The contract imposed by AFP contradicts the authors’ rights principles. The standard contract requires photographers to sign a global, irrevocable, perpetual licence to use their photos and videos on any medium, in any language, in any form including in any future products. Both Federations are concerned that AFP is seeking to justify this new practice by claiming that the salary paid to photographers also covers the authors’ rights transfer, while these are currently two distinct payments.
“We denounce these unacceptable contractual practices” said Philippe Leruth, IFJ President, “because they purely and simply deprive journalists of their authors’ rights.
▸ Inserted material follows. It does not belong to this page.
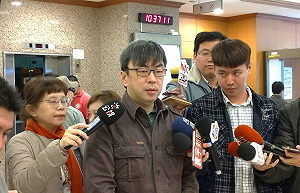 砸毀新潮流系大門  段宜康：江先生不厚道，過去我們常資助他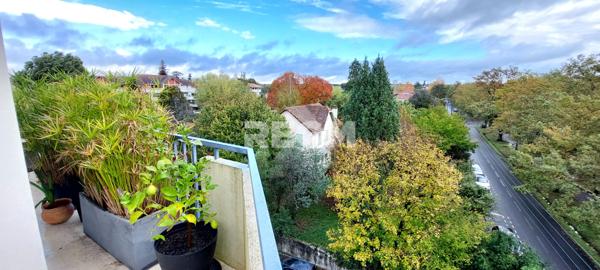 Pau (64000) BEL APPARTEMENT T4 -PAU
We ask AFP to immediately review its terms of exploitation of photographic works and strongly encourage photographers not to sign any contract with AFP or any other media that does not provide additional payment for any additional use made of the photos”.
AFP has already tried to remove such rights before from photographers on local contracts. The unions’ response stopped this abuse and an agreement was signed for French photographers with the collecting societies SCAM and SAIF. The new contract condemned by the IFJ now discriminates between photographers working in France and those working abroad.
The IFJ insists in particular on the fact that authors’ rights payments are used to remunerate subsequent uses made of the works while a salary paid to an author only covers the first use of the work. A transfer of rights without additional remuneration violates the International Convention of Berne, 1886, which grants authors (including journalists) the means to control the way their works can be used, by whom and under what conditions.
“We strongly urge our affiliates to use diligent care if they are asked by their members about these contracts and to condemn firmly these contractual masquerades”, said Philippe Leruth.